» ASSIGNED TASK: Reproduce, from the lines below, exactly the stretch that begins at the line containing "GASLIGHT LANDING - Residential" and ends at the line containing "Ketika melaksanakan ziarah, selalu", both included.

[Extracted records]
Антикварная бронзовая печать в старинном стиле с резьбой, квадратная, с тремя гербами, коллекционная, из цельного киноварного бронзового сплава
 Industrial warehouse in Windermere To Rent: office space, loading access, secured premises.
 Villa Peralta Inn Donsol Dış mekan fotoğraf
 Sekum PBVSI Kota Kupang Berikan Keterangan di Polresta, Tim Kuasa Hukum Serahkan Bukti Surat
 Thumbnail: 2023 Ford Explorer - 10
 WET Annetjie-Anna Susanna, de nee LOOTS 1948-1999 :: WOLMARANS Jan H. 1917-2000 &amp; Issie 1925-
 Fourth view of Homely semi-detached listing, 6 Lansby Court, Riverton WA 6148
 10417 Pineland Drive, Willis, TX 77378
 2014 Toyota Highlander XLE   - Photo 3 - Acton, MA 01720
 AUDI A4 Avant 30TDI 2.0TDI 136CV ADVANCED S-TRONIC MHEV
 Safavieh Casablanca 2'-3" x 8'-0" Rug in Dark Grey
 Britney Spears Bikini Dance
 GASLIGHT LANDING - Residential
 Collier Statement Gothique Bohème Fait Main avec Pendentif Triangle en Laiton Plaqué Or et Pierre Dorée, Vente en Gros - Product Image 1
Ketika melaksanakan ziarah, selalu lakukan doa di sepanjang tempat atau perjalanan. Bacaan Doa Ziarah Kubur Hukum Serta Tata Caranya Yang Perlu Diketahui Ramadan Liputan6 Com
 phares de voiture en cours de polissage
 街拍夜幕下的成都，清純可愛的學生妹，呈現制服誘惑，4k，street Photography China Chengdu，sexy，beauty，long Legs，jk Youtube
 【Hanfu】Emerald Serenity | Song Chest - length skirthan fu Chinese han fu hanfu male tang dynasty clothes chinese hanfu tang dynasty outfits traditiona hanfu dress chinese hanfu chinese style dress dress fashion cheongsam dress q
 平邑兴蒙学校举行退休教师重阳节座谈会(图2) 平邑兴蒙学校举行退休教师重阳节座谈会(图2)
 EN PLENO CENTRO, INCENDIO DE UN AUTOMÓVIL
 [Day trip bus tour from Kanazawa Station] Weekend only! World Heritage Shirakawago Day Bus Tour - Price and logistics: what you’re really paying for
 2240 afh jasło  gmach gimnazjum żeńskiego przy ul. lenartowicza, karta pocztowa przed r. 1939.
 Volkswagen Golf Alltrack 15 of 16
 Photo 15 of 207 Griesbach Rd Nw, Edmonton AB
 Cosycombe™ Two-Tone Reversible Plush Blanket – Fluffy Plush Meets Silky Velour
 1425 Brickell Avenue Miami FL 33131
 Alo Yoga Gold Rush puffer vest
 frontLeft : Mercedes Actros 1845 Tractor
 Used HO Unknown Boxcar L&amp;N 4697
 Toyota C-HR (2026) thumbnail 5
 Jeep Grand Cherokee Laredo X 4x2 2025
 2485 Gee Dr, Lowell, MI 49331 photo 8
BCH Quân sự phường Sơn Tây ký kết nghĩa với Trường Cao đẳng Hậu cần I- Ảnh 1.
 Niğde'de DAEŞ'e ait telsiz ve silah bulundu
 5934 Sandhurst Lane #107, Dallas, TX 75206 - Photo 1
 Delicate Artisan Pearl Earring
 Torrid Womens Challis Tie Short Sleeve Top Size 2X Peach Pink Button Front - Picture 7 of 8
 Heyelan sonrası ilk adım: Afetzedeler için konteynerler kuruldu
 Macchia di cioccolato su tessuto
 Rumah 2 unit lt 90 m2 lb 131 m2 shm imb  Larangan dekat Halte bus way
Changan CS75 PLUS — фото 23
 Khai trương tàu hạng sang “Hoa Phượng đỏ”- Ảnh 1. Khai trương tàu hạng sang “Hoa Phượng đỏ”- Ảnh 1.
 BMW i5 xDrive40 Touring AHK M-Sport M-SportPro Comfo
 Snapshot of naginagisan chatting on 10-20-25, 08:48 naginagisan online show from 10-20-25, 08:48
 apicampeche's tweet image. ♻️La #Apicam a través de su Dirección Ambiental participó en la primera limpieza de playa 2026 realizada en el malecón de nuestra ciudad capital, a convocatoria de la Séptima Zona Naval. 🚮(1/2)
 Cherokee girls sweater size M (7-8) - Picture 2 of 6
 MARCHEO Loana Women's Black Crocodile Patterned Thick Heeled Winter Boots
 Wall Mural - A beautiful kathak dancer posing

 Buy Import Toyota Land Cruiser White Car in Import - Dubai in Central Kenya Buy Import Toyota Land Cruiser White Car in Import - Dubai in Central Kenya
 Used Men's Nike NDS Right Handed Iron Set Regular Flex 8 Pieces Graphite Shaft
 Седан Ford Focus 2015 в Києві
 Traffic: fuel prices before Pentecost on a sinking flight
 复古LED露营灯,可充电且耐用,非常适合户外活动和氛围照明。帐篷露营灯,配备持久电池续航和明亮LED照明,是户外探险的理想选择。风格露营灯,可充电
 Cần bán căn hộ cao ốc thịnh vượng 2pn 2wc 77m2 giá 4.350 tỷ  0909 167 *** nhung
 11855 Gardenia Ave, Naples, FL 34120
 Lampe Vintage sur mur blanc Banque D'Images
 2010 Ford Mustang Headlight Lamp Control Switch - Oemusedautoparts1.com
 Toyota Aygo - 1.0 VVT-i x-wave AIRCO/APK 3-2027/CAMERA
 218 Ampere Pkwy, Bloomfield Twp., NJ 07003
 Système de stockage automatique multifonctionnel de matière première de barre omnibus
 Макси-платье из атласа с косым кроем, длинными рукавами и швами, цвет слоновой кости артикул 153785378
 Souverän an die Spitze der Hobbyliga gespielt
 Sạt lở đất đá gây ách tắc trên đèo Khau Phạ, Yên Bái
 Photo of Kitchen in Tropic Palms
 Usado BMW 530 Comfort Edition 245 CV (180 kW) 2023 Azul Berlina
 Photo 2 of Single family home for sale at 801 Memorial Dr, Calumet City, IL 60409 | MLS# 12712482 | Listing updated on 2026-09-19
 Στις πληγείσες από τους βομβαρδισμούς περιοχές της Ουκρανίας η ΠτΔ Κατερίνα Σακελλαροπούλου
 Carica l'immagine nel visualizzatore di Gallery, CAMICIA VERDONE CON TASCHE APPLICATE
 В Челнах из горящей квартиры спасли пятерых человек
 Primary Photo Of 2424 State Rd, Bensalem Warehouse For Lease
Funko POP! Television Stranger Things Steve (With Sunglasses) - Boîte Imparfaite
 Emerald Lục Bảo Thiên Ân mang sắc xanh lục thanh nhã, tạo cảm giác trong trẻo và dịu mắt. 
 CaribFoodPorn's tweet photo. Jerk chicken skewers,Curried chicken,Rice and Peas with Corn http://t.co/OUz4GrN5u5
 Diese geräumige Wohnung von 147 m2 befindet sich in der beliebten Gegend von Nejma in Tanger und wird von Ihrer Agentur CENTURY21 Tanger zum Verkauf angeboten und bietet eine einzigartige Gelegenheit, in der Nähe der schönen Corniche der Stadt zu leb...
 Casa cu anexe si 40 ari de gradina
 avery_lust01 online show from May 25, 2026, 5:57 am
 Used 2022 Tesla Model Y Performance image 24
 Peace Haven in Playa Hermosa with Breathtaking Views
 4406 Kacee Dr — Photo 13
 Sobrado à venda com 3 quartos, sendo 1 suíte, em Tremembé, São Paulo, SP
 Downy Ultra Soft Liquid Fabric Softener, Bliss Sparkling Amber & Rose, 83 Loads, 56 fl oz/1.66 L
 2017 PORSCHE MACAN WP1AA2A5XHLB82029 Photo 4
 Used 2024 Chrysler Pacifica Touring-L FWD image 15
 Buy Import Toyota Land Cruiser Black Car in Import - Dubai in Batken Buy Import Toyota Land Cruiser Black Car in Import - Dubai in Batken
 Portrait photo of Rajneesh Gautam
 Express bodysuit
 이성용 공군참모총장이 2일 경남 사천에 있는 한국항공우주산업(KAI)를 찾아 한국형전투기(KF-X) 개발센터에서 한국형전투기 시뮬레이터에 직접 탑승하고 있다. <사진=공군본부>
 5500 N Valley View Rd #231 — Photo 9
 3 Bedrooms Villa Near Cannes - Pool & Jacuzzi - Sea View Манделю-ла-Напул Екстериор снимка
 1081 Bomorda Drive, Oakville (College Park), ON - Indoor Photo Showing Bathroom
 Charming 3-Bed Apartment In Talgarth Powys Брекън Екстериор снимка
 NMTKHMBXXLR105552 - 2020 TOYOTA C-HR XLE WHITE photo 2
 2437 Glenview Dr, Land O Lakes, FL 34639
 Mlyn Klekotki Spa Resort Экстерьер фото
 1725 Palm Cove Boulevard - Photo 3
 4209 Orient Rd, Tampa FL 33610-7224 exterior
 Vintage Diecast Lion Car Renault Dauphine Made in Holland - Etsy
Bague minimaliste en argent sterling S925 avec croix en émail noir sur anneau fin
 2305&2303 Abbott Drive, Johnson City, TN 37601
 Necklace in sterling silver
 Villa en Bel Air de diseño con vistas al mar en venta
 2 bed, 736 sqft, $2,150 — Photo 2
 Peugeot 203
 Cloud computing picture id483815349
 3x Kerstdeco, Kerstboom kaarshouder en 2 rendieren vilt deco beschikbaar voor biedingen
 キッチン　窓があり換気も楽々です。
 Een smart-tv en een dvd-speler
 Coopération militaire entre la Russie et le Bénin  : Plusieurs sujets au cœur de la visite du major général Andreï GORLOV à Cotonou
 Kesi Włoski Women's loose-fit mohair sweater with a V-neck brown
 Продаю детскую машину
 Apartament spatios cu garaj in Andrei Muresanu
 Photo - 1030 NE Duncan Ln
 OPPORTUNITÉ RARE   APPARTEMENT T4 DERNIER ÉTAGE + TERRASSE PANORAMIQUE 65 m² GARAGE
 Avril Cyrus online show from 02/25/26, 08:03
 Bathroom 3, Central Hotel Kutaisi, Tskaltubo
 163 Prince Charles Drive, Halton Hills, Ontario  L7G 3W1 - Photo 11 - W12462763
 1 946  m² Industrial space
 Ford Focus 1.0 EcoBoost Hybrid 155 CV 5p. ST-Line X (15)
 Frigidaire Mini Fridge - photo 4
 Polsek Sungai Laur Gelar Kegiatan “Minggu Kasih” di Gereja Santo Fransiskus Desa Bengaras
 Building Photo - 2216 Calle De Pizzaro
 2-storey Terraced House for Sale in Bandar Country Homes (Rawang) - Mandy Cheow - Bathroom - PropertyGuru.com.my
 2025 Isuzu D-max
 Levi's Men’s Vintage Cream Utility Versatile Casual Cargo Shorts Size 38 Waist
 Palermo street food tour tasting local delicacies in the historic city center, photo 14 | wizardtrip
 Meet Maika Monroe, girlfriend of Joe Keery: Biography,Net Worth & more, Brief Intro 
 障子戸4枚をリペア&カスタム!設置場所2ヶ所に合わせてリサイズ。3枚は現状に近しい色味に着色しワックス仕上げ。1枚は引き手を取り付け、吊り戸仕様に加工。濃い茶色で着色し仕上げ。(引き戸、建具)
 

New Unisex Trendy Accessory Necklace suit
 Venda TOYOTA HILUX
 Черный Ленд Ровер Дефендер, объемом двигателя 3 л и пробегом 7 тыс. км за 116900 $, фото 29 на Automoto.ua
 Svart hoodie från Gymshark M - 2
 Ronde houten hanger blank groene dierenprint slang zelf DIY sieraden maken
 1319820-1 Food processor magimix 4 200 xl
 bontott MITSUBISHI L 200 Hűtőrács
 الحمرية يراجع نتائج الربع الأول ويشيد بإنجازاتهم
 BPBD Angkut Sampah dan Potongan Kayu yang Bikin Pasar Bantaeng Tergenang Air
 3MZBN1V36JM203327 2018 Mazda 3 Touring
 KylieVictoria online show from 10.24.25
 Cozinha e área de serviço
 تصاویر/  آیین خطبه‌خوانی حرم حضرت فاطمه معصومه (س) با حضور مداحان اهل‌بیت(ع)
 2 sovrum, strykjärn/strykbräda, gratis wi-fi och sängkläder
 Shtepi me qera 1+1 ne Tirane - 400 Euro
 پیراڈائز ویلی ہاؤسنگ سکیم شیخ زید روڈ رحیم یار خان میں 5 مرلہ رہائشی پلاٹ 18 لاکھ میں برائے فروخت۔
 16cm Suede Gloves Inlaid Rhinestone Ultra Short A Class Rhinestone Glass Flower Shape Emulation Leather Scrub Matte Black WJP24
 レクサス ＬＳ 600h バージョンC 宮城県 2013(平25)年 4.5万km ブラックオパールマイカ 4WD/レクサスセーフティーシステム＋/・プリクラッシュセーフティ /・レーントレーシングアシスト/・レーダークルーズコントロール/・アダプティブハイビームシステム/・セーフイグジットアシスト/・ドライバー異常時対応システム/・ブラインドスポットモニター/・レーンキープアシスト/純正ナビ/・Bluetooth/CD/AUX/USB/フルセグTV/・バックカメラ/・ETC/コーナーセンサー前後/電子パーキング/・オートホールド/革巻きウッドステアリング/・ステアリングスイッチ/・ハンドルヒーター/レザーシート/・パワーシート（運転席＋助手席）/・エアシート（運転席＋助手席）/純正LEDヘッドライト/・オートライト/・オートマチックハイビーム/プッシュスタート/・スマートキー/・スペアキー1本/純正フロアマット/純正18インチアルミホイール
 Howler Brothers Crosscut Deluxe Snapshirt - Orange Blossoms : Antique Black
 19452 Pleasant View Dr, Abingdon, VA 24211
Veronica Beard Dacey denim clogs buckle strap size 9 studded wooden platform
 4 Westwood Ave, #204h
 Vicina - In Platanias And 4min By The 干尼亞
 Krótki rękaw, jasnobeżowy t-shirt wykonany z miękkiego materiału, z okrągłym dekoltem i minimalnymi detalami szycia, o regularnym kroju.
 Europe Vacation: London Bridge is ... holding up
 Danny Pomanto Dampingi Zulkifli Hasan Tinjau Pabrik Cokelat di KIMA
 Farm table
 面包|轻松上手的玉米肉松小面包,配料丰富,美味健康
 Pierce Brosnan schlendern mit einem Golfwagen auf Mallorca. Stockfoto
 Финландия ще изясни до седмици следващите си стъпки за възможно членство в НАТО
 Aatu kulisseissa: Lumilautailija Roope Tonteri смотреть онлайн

» COMPLETED TASK:
 GASLIGHT LANDING - Residential
 Collier Statement Gothique Bohème Fait Main avec Pendentif Triangle en Laiton Plaqué Or et Pierre Dorée, Vente en Gros - Product Image 1
Ketika melaksanakan ziarah, selalu lakukan doa di sepanjang tempat atau perjalanan. Bacaan Doa Ziarah Kubur Hukum Serta Tata Caranya Yang Perlu Diketahui Ramadan Liputan6 Com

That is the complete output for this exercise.